GPS Cannot Establish Location
In my office of President within Holland Classis RCA, I have the privilege of presiding at many services of ordination. For readers who are unaware, the service of ordination is the worship service during which a seminary graduate transitions from student and candidate to full-fledged Minister of Word and Sacrament. If you ever have the opportunity to attend such a service, I highly recommend it; they are truly beautiful and holy.
This past Sunday was no exception. On that day, Father's Day, Alex was being ordained and his dad, an elder in the church, participated in the service with what we call The Charge to the Minister. I'd already completed my part, leading the actual ordination which concludes with laying on of hands, so I was sitting back and taking it all in. Witnessing a father speak the charge to his son (on Father's Day!) was a beautiful thing.
And then it happened. Immediately following the charge, Alex's dad began the prayer as indicated in the RCA Liturgy. It's a nice prayer and, with as many students as we have in a seminary town, it has become familiar. What is not familiar, however, is hearing these words in the midst of it: GPS cannot establish location.
It was that or get irritated that people don't know when to turn off their phones, and, as one congregation member said, the day was too filled with hope to be brought down by a phone. So I chuckled.
I also didn't hear the rest of the prayer.
Once the chuckle passed, I realized how profound was the timing of that interruption. In that moment, we were all witness to Alex standing in a truly holy place. I have experienced the veil being lifted in services such as these--how could a poor little, human device have any hope of establishing a location?
The Kingdom of God cannot be plotted on a map.
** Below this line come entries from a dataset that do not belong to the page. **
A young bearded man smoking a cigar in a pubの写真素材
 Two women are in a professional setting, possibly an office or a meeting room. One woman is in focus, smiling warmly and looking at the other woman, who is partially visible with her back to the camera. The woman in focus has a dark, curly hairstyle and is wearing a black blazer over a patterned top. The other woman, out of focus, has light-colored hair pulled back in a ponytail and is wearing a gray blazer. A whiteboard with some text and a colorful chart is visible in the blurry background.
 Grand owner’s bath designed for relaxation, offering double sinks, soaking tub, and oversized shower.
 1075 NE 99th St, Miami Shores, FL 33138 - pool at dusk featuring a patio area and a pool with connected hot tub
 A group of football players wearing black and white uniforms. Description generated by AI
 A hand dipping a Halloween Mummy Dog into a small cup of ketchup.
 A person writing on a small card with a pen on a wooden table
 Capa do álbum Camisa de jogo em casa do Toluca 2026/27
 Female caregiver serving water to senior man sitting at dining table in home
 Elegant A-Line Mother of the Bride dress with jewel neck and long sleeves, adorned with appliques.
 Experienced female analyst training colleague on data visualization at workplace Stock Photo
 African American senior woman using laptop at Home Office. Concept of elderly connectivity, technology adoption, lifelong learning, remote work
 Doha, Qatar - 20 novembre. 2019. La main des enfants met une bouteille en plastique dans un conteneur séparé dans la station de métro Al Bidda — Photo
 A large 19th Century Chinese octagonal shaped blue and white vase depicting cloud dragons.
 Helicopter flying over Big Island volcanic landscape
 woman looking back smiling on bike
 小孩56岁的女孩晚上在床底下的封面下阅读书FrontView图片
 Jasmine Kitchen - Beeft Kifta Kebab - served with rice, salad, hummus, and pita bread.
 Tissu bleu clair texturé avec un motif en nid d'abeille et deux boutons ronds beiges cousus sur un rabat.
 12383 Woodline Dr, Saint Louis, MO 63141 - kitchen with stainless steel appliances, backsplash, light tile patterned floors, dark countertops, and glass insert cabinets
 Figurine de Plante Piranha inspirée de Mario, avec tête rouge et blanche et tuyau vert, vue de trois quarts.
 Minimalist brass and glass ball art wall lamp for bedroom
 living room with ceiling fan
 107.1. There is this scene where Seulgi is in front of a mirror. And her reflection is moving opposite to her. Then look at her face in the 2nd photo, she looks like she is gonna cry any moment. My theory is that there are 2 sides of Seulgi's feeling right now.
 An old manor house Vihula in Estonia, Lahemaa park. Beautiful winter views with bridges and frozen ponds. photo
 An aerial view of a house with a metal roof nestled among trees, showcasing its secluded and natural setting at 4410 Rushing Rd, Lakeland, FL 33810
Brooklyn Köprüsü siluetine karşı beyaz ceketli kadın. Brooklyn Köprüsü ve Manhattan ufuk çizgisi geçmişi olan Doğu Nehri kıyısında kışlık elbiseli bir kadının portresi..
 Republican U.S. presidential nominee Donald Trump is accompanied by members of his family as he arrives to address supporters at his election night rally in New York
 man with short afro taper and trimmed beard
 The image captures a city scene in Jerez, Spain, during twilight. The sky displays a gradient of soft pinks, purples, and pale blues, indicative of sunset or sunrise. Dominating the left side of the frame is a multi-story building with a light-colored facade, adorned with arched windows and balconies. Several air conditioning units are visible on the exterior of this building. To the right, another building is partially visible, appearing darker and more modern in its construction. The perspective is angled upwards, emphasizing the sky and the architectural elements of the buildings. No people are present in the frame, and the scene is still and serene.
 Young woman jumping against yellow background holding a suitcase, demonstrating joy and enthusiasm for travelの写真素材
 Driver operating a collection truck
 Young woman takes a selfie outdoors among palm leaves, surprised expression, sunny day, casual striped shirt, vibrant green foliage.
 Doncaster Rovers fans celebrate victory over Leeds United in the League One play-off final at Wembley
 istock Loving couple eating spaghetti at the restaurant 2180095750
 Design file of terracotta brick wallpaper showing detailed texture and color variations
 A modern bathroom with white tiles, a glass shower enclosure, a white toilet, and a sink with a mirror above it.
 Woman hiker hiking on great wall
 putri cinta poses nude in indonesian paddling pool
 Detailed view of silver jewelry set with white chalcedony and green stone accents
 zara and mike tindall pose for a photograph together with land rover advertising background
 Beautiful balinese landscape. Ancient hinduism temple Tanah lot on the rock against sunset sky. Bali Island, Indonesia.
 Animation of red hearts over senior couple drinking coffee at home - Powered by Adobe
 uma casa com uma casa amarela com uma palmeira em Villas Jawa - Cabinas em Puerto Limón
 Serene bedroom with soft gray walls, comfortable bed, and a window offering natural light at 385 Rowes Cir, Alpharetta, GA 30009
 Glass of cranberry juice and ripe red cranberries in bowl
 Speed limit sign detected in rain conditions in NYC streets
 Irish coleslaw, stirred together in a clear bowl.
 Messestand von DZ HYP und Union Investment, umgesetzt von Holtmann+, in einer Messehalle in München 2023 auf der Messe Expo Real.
A GPS can't find it and give you directions. But, hope is not lost.
You can find the Kingdom of God all around you and you can witness glimpses of it in every face you see, in every story you hear, and, if you're paying close enough attention, even in worship.
Our worship is not perfect. Thankfully, that doesn't matter because God, through the Christ and the Spirit, can take our offerings and make them holy.
So, the next time you're on a walk in nature, or listening to the story of another, look into the eyes of someone unseen (thank you, Jayne, for that reminder!), or attend worship, look closely. Listen closely. Pay attention. Your GPS might consider you lost, but I guarantee you'll feel more found than ever before.